■ TASK DETAILS
Pictures must not appear in the copy. Reproduce exactly, and only, the lines from the one with "A modern kitchen" through the end of the data below.

■ MATERIAL TO PROCESS

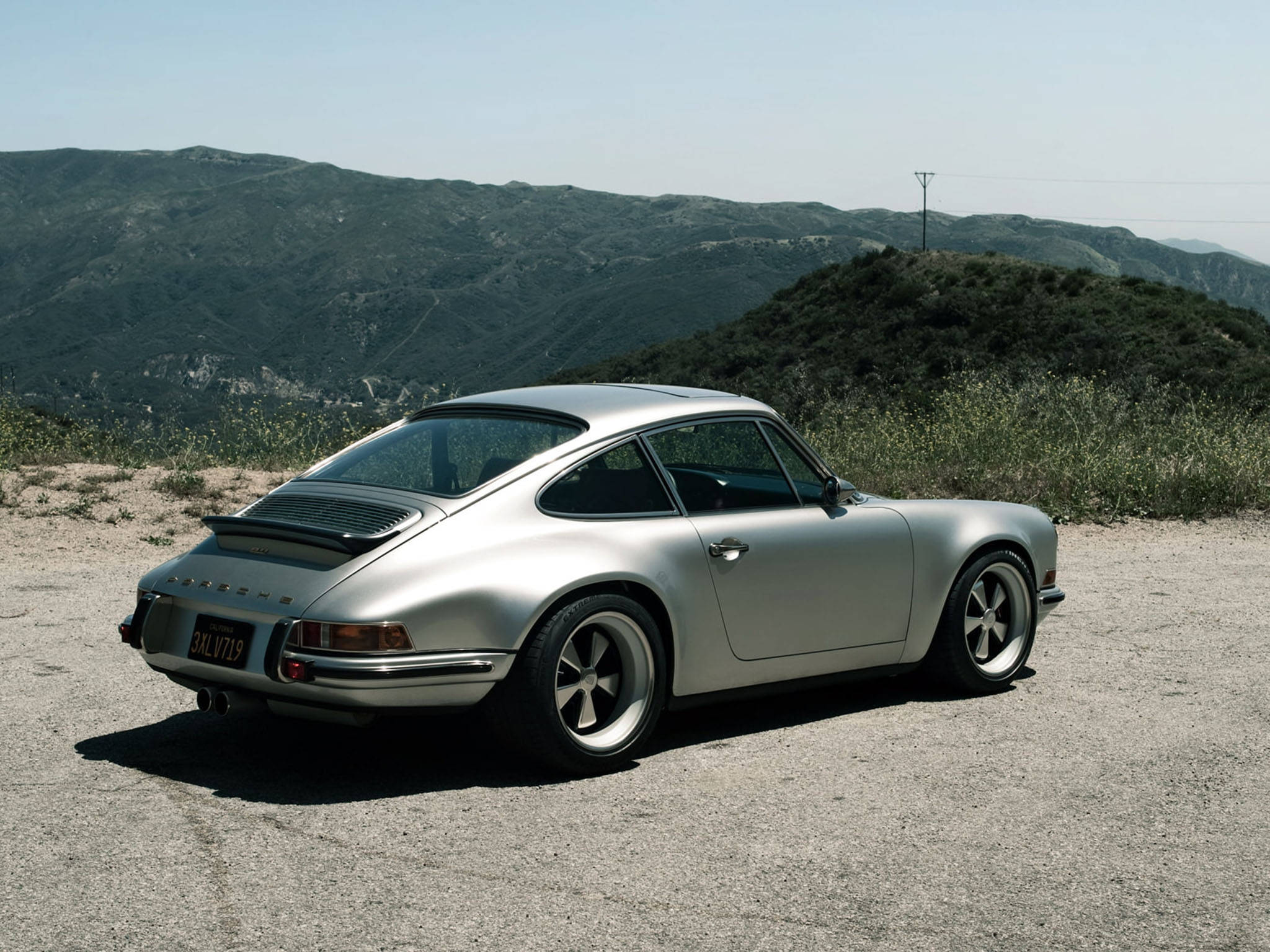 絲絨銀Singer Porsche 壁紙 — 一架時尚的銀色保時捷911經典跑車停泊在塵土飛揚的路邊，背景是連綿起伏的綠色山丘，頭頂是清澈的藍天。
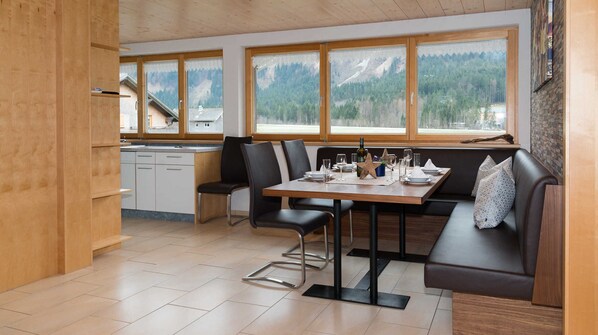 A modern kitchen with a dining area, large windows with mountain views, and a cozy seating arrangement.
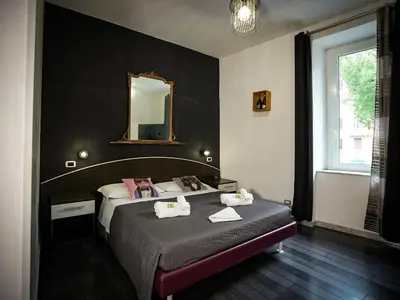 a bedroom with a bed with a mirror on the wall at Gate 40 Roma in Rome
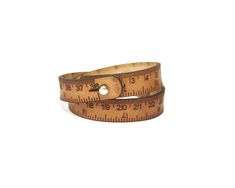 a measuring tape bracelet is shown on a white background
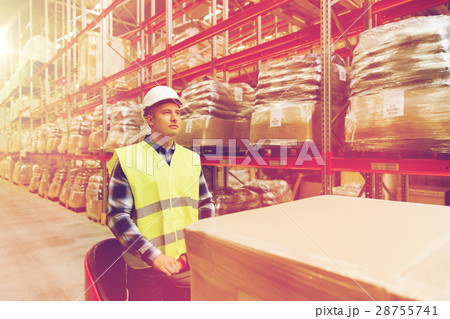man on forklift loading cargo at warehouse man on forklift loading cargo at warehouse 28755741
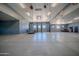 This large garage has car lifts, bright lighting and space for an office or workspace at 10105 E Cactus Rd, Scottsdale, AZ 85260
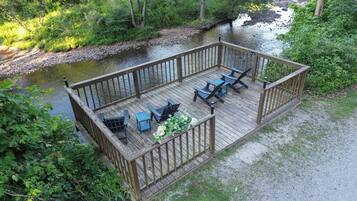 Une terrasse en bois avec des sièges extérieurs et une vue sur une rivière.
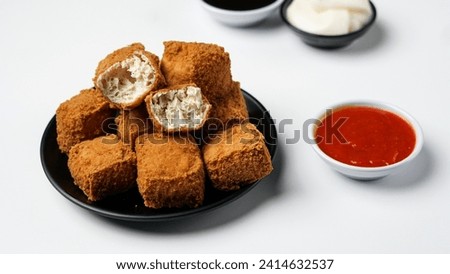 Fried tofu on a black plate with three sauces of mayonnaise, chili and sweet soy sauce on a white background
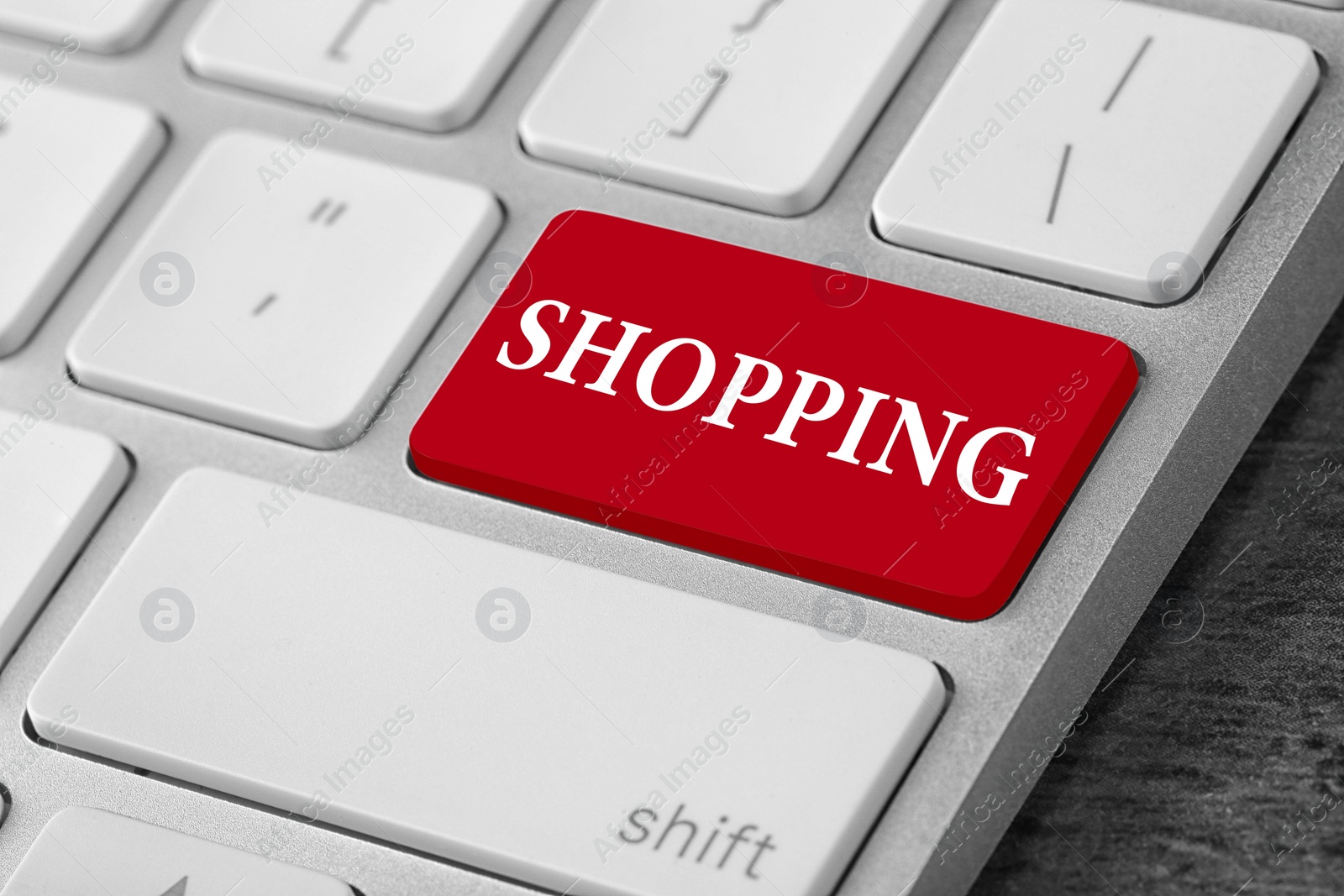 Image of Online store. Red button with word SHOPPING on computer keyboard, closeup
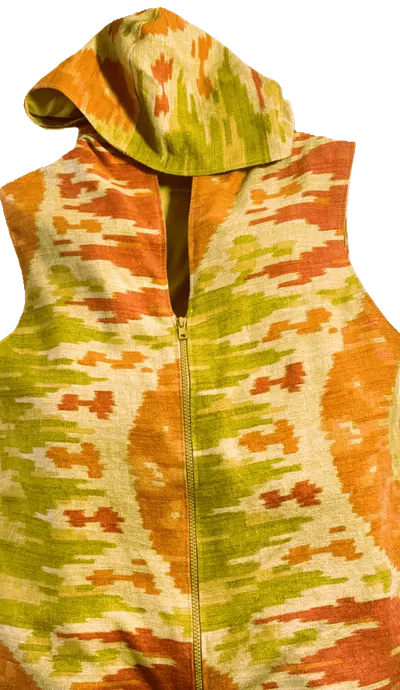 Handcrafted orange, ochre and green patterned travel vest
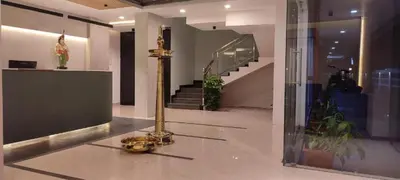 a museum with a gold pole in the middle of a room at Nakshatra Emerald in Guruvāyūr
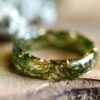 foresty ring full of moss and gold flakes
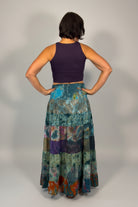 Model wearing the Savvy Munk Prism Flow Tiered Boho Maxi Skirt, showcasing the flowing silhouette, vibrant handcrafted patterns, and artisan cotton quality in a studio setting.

■ ANSWER BOX
 A modern kitchen with a dining area, large windows with mountain views, and a cozy seating arrangement.
 a bedroom with a bed with a mirror on the wall at Gate 40 Roma in Rome
 a measuring tape bracelet is shown on a white background
man on forklift loading cargo at warehouse man on forklift loading cargo at warehouse 28755741
 This large garage has car lifts, bright lighting and space for an office or workspace at 10105 E Cactus Rd, Scottsdale, AZ 85260
 Une terrasse en bois avec des sièges extérieurs et une vue sur une rivière.
 Fried tofu on a black plate with three sauces of mayonnaise, chili and sweet soy sauce on a white background
 Image of Online store. Red button with word SHOPPING on computer keyboard, closeup
 Handcrafted orange, ochre and green patterned travel vest
 a museum with a gold pole in the middle of a room at Nakshatra Emerald in Guruvāyūr
 foresty ring full of moss and gold flakes
 Model wearing the Savvy Munk Prism Flow Tiered Boho Maxi Skirt, showcasing the flowing silhouette, vibrant handcrafted patterns, and artisan cotton quality in a studio setting.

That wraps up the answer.